Friday 10 April 2015

Aquinas vs Paley

From wiki:

William Paley (July 1743 – 25 May 1805) was an English clergyman, Christian apologist, philosopher, and utilitarian. He is best known for his natural theology exposition of the teleological argument for the existence of God in his work Natural Theology or Evidences of the Existence and Attributes of the Deity, which made use of the watchmaker analogy.

Wiki : William Paley
http://en.wikipedia.org/wiki/William_Paley


In other words : he considered the workings of the universe as a self contained machinery which needs an intelligent designer, but which designer might after designing and setting in motion, might retire from his work.

Atheists agree about the universe, they only tend to believe in blind watchmakers (a certain Richard Dawkins even called a book of his after this idea).

Did St Thomas Aquinas agree with Paley? And therefore with Dawkins, as far as the universe is concerned? No.

What does he say, in his own explanation, about the Seventh Day?

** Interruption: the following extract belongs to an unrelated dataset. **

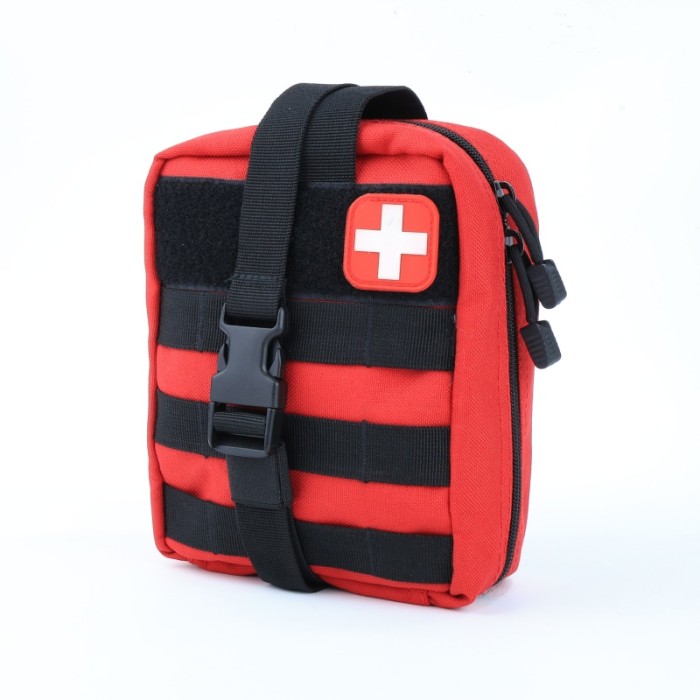Tactical First Aid Kit | Red MOLLE IFAK Pouch with Tourniquet | OEM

I answer that, The perfection of a thing is twofold, the first perfection and the second perfection. The 'first' perfection is that according to which a thing is substantially perfect, and this perfection is the form of the whole; which form results from the whole having its parts complete. But the 'second' perfection is the end, which is either an operation, as the end of the harpist is to play the harp; or something that is attained by an operation, as the end of the builder is the house that he makes by building. But the first perfection is the cause of the second, because the form is the principle of operation. Now the final perfection, which is the end of the whole universe, is the perfect beatitude of the Saints at the consummation of the world; and the first perfection is the completeness of the universe at its first founding, and this is what is ascribed to the seventh day.

Summa Theologica : First Part
Question 73. The things that belong to the seventh day
Article 1. Whether the completion of the Divine works ought to be ascribed to the seventh day?
http://newadvent.com/summa/1073.htm#article1


Deism and Atheism are excluded, God is not just an explanation about the past, when He created so to speak a harp, but about the present, when He is so to speak playing the harp He created.

A harp is unlike a watch insofar as it needs a good player. St Thomas says the Universe is like a harp, I do not think he would surrender to Paley who thought it was just a clockwork, even if one needing a good designer. If that is what Paley thought, of course. But if he made the analogy of a watchmaker rather than of a harp making lutenist, who then becomes the harp player as well, he may have thought so. If so, I think he was wrong.

Hans Georg Lundahl
Nanterre UL
St Ezechiel
Prophet and Martyr
10-IV-2015

Apud Babylonem sancti Ezechielis Prophetae, qui, a Judice populi Israel, quod eum de cultu idolorum argueret, interfectus, in sepulcro Sem et Arphaxad, Abrahae progenitorum, sepultus est; ad quod sepulcrum, orationis causa, multi confluere consueverunt.